À Josefina Maria de Jesus Lopes – in memória
É por ela, mulher negra analfabeta, desejosa de saber traduzir as letras que contam ficções em livros, verdades em jornais, e preces em bíblias, essa gratidão em palavras.
Mamãe teve avô professor, mas a alfabetização a ela foi negada, pela sentença machista da época:
— Neta mulher, não estuda.
Ela, uma mulher que insistia em abrir páginas dos livros e arranhar leituras como quem está a decifrar códigos secretos para alcançar tesouro ao final da leitura.
Achava engraçado quando na igreja ela ao negar o folheto da missa se desculpava:
— Obrigada, não trouxe meus óculos.
Mamãe fez MOBRAL, aos cinquenta, e quão grande foi sua alegria ao tirar o polegar de seus documentos.
Essa mulher que tateou livros com olhos, nos enriqueceu de livros, ela fez de nós, seus três filhos, leitores.

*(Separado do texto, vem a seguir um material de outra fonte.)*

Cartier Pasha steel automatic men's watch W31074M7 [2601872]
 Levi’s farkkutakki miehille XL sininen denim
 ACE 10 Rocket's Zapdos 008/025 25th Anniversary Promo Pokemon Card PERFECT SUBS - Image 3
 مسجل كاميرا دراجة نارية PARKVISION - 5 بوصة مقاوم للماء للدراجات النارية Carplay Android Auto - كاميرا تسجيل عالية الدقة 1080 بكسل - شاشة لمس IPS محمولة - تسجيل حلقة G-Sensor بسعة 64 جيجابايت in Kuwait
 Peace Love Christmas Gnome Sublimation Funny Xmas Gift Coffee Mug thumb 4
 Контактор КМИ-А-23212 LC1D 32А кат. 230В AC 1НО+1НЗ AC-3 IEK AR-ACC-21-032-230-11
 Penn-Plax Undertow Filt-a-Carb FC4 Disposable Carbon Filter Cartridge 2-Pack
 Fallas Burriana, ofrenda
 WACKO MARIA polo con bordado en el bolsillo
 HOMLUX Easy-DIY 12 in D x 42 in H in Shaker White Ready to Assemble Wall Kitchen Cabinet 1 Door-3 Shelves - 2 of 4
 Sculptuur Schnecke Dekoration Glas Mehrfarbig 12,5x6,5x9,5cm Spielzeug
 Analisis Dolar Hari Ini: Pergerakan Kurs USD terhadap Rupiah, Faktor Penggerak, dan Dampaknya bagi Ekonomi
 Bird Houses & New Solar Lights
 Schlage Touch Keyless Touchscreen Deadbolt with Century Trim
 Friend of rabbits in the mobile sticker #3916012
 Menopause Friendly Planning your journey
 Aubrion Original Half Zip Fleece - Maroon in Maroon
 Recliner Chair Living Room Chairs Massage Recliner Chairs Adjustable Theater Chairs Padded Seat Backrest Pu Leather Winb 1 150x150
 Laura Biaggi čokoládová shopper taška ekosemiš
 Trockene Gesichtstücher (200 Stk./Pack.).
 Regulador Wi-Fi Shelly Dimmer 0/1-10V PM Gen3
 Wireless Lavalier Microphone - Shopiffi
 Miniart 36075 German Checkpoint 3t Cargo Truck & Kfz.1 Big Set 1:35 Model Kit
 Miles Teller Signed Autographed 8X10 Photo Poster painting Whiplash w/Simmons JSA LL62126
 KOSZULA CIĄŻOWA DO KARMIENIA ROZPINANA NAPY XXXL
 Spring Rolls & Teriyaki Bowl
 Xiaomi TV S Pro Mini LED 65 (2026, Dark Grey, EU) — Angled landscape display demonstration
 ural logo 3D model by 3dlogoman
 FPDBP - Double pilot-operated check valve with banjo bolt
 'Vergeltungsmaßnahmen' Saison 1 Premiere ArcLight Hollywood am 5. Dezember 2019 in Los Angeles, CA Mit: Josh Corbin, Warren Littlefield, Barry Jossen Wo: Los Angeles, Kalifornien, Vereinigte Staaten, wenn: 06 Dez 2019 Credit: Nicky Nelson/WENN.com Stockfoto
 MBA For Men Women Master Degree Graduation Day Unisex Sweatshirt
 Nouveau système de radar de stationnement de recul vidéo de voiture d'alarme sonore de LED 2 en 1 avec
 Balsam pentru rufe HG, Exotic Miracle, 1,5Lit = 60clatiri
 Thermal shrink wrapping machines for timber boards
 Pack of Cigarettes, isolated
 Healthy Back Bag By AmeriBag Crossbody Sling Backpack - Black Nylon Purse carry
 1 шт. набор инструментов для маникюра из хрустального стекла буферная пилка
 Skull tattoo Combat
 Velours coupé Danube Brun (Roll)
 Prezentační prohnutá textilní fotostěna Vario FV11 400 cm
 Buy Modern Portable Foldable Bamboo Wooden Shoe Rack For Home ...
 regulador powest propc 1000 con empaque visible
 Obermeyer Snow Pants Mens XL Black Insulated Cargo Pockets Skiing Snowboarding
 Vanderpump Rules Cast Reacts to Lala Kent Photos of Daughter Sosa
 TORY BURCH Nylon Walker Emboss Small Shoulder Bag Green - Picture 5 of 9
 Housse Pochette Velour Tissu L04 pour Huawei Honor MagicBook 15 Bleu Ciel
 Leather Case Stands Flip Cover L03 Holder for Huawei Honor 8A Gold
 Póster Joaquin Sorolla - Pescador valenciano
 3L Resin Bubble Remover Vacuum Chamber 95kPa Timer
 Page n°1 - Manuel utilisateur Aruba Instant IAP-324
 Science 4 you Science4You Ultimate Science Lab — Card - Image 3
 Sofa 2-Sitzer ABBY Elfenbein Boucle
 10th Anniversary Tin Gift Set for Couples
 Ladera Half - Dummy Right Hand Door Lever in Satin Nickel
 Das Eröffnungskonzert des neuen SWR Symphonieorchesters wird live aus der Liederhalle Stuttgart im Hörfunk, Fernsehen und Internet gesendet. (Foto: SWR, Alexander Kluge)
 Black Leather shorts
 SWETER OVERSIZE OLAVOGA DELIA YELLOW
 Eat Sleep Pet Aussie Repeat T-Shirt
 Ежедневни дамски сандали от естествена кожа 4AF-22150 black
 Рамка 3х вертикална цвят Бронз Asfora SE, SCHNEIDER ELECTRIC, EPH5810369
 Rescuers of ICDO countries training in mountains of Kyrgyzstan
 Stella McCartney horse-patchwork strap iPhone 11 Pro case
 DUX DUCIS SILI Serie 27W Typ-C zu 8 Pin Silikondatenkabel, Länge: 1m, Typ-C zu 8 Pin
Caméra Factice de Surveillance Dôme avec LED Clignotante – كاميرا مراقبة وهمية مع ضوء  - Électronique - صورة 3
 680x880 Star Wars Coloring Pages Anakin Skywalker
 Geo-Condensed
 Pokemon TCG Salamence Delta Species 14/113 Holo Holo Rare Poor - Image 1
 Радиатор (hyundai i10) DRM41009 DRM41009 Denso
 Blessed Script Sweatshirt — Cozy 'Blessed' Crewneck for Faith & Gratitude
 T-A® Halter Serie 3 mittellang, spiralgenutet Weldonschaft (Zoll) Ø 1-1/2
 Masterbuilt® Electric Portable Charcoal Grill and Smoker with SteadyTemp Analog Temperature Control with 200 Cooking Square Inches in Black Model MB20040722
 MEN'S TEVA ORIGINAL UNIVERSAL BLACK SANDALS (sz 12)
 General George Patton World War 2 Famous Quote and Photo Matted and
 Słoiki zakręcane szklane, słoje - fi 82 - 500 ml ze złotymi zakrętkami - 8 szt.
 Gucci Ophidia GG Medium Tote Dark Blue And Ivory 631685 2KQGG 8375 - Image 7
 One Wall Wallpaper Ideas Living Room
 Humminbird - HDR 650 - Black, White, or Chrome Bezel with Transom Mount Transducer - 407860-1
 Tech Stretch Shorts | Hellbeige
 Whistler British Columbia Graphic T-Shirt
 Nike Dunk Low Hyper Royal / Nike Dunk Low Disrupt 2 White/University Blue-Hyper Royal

E antes do letramento, liamos até Machado de Assis, claro que com o livro de cabeça para baixo. E criativas, escrevíamos, também, nossos livros e construímos castelos, muralhas ao historiar nossos sonhos.
Lembro-me de suas mãos sobre as minhas, tateando as primeiras letras, como quem busca sua própria alfabetização, quando nos auxiliava a cumprir o dever de casa.
Hoje escrevo. Escrevo com ela, por ela e para ela. Minha poesia primeira.